Transcribe, word for word, the line containing "Footpath in city" and each line following it through the end of the listing below. Omit all other lines.

Data excerpt:
•••••

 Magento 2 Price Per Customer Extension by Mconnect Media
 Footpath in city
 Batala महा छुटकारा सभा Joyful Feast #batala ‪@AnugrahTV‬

•••••

Exercise response:
 Footpath in city
 Batala महा छुटकारा सभा Joyful Feast #batala ‪@AnugrahTV‬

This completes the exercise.